While server consolidation is a high priority for most data center operators, it is only occurring for non-critical application servers, according to Symantec's global state of the data center survey, which questioned 800 data center managers from 14 countries.
Just 20 percent of respondents said they would consolidate mission critical servers but 59 percent said they were happy to virtualize 'relatively unimportant' ones.
Forty-three percent said they would consolidate 'test and development' servers.
Paul Lancaster, systems engineering director at Symantec Australia, said the results show administrators do not yet trust virtualization for critical apps.
"The survey showed there are a number of concerns around large investments into the virtualization of physical servers. The first was around mission critical servers not being deployed onto a virtualization platform," he told ZDNet Asia's sister site ZDNet Australia.
The survey also revealed fewer data center managers in Asia Pacific (29 percent) had started virtualizing servers compared to the world average of 39 percent.
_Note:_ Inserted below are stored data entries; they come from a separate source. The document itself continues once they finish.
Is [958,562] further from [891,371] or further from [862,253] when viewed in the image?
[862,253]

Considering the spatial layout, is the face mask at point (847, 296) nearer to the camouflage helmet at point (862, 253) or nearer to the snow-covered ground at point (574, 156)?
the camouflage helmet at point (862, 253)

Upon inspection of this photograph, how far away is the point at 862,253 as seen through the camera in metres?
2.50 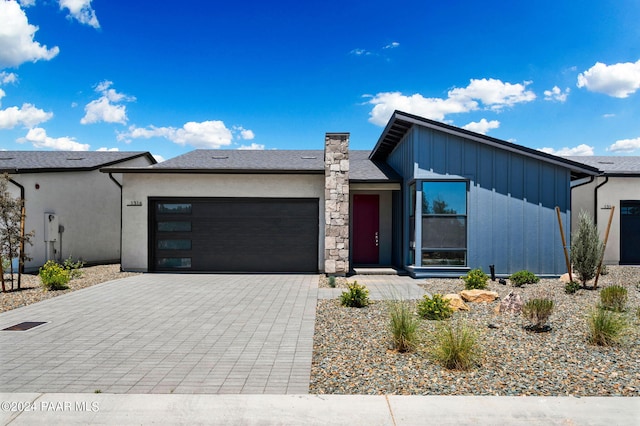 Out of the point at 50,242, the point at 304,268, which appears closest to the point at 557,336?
the point at 304,268

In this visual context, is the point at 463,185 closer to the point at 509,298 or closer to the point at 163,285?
the point at 509,298

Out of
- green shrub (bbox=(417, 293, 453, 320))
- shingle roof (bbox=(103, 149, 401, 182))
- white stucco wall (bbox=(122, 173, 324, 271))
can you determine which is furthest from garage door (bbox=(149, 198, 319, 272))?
green shrub (bbox=(417, 293, 453, 320))

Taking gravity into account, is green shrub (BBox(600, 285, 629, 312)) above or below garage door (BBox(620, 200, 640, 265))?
below

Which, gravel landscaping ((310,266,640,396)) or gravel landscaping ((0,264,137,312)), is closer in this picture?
gravel landscaping ((310,266,640,396))

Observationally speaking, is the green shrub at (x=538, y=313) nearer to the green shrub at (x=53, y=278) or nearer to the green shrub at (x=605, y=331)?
the green shrub at (x=605, y=331)

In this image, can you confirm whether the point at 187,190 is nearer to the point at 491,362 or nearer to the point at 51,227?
the point at 51,227

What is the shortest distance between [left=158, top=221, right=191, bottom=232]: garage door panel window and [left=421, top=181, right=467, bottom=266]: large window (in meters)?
8.04

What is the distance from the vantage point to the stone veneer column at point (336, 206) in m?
12.0

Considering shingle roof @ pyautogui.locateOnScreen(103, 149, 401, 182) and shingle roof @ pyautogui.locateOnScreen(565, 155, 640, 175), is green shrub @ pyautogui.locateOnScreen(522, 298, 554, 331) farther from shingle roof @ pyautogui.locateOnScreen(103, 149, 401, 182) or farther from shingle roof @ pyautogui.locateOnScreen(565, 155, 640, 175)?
shingle roof @ pyautogui.locateOnScreen(565, 155, 640, 175)

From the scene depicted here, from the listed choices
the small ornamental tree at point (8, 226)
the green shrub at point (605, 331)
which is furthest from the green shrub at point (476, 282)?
the small ornamental tree at point (8, 226)

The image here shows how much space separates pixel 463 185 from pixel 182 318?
28.9 feet

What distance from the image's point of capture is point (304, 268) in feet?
42.1

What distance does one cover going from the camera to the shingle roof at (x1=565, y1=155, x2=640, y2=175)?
15273mm

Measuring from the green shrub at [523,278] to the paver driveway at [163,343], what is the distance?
565cm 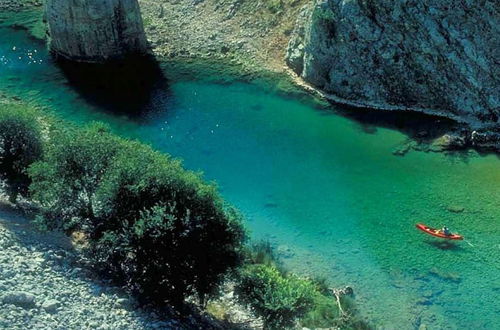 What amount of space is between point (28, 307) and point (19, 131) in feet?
50.8

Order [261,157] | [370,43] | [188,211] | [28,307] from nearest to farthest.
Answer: [28,307]
[188,211]
[261,157]
[370,43]

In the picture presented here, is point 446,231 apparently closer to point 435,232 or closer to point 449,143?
point 435,232

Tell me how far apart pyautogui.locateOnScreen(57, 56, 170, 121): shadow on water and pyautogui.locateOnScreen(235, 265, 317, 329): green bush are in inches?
1258

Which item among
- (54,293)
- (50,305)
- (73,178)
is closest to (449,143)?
(73,178)

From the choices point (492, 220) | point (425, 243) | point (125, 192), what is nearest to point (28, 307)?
point (125, 192)

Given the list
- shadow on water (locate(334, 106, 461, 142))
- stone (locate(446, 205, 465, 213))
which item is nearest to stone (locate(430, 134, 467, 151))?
shadow on water (locate(334, 106, 461, 142))

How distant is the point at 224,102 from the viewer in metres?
67.8

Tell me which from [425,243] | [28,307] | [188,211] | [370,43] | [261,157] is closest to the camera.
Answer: [28,307]

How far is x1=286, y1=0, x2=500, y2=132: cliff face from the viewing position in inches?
2443

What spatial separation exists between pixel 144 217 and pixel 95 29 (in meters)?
42.3

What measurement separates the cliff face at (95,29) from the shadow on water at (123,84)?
1141 millimetres

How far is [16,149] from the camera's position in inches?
1741

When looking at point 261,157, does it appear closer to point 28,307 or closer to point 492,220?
point 492,220

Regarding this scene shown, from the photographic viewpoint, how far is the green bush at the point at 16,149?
144 ft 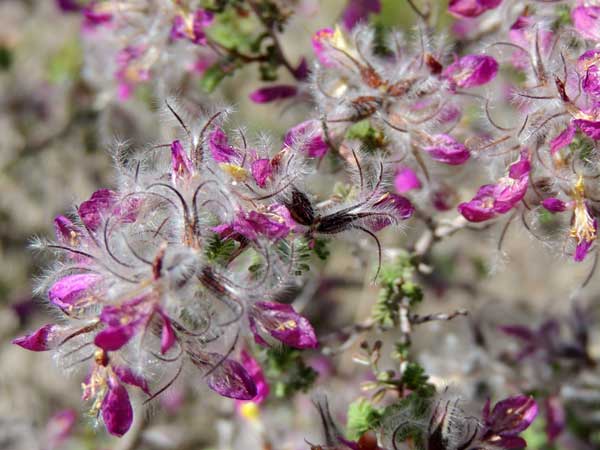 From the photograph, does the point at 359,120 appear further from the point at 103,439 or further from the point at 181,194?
the point at 103,439

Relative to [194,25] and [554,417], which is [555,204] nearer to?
[194,25]

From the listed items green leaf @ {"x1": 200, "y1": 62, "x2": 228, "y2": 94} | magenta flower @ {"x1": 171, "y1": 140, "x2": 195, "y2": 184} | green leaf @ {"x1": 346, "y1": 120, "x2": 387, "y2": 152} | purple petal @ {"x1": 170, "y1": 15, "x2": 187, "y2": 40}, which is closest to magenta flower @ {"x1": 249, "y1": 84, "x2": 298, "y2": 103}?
green leaf @ {"x1": 200, "y1": 62, "x2": 228, "y2": 94}

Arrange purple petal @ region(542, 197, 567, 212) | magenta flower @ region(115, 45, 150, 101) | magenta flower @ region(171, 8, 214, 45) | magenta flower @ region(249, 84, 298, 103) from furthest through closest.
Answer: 1. magenta flower @ region(115, 45, 150, 101)
2. magenta flower @ region(249, 84, 298, 103)
3. magenta flower @ region(171, 8, 214, 45)
4. purple petal @ region(542, 197, 567, 212)

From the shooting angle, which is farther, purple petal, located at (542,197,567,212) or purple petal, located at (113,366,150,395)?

Analysts agree that for many larger organizations, the uptake of virtualization has been slow for production environments while it has been rapid for lower risk environments.
"Virtualization of test and development environments has exploded. Of course, test and development has a low impact if it goes wrong, but it also offers huge value in reducing the number of servers," Intelligent Business Research Services analyst Kevin McIsaac told ZDNet Australia.
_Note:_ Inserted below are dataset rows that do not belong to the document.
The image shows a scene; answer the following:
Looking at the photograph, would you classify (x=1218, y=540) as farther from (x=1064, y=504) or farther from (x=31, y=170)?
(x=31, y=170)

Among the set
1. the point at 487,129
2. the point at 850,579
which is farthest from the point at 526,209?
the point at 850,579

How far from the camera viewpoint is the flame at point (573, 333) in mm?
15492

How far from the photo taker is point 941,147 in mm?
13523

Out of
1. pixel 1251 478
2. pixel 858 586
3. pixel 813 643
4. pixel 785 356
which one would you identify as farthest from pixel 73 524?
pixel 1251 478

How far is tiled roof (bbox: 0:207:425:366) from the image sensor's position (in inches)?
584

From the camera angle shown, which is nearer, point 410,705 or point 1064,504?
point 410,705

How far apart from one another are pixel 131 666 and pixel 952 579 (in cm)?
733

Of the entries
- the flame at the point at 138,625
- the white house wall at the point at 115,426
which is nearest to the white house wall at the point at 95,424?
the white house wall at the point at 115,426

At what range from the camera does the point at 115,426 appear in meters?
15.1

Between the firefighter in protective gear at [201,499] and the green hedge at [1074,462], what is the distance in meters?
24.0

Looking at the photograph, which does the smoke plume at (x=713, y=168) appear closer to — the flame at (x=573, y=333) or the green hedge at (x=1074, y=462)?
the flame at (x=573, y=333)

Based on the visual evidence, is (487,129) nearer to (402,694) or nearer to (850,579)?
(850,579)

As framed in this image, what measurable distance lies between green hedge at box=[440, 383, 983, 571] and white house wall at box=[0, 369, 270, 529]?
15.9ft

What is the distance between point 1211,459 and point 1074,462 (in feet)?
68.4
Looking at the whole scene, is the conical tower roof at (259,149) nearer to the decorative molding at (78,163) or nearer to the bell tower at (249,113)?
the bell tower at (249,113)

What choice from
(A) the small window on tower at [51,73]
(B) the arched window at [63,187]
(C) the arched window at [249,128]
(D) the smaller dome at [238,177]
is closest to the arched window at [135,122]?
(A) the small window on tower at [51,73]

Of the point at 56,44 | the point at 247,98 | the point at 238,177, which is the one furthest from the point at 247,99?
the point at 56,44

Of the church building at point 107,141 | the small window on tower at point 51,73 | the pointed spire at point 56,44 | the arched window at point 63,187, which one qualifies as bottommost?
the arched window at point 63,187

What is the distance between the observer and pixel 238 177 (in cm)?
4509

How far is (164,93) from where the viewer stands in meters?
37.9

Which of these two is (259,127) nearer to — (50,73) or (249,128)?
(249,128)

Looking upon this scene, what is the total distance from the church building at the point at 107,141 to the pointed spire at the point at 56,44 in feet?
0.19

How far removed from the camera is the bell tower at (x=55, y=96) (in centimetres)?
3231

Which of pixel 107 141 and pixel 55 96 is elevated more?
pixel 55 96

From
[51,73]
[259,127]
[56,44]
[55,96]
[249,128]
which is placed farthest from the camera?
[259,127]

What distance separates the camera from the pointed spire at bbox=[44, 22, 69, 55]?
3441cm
Other major problems facing data center operators, according to Symantec's research, are difficulties finding and retaining staff and meeting increasingly tough service level agreements (SLAs).
However McIsaac said the issue of labor shortages is certainly not data center-specific and disagreed that meeting SLAs, at least for Australian data center operators, is a major problem.
A greater problem, according to McIsaac, is the issue of power and cooling due to aging buildings that don't permit operators to replace data centers with new air conditioning technology.
"Every three to four years, the power of servers has gone up significantly, yet data centers are only refreshed every 20 to 25 years. The answer to that is that we need the physical infrastructure--power and cooling--to be modular, so you can rip it out every five to seven years," said McIsaac.